In the past, Gardner notes, absentee voting was something that Florida Republicans encouraged.
"Republican campaigns invested millions of dollars encouraging their supporters to cast ballots by mail," Gardner points out. "State legislators passed laws making it easier. Over the ensuing decades, GOP voters in Florida became so comfortable with casting ballots by mail that in 2020, nearly 35% of those who turned out did so, according to state data compiled by University of Florida political science professor Daniel A. Smith. Virtually every narrow Republican victor of the past generation — and there have been many, including two of the state's current top officeholders, Gov. Ron DeSantis and Sen. Rick Scott — owes their victory, at least in part, to mail voting."
It wasn't until 2020 that Florida Republicans started to turn against mail-in voting in a big way. Then-President Donald Trump claimed, with zero evidence, that voting by mail encouraged voter fraud — and many Florida Republicans, including those in the state legislature, obediently went along with his claim.
"Not only are GOP lawmakers reversing statutes that their own predecessors put in place, but they are also curtailing a practice that millions of state Republicans use, despite former President Donald Trump's relentless and baseless claims that it invites fraud," Gardner explains. "Even as Democrats and voting rights advocates accuse the proponents of Senate Bill 90 of attempting to suppress the votes of people of color, these Republicans say their own political fortunes are in peril too. The potential fallout in the key swing state illustrates how the Republican Party is hurting itself in its rush to echo Trump's false allegations, they said."
A long-time GOP consultant in Florida, interviewed on condition of anonymity, told the Post, "Donald Trump attempted to ruin a perfectly safe and trusted method of voting.
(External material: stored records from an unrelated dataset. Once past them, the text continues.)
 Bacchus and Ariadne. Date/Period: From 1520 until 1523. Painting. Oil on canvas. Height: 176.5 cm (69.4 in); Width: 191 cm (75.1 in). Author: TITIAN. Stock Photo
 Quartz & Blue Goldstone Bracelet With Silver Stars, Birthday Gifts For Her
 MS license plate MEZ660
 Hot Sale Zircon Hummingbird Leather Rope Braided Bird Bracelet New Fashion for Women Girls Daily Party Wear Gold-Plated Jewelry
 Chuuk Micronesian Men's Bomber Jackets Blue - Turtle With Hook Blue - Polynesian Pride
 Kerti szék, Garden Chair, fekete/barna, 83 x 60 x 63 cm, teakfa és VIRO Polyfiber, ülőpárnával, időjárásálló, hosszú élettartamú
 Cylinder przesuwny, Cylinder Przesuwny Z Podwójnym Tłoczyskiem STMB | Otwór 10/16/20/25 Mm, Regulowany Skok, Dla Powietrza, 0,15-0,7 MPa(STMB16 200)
The main law that we pass when we pass election bills in Florida is the law of unintended consequences."
Florida SB 90 requires voters to reapply for mail ballots every two years instead of every four years, which is the current requirement. And it prohibits mobile ballot drop boxes.
Steve Schale, a Florida-based Democratic consultant, told the Post, "It was comical to watch Trump light on fire 20 years of Republican work and tens of millions of Republican investments — literally lighting a match to it. Every time he sent a tweet out, I'd get a text from a Republican operative here in Florida with an eye-roll emoji."
A former official in the Florida Republican Party, interviewed anonymously, also believes that SB 90 is a bad idea.
That interviewee told the Post, "Now, you'll have military personnel who might not think they have to request a ballot who won't get it. And we've got senior voters who have health concerns or just don't want to go out. They might not know the law has changed, and they might not get a ballot, because they're not engaged."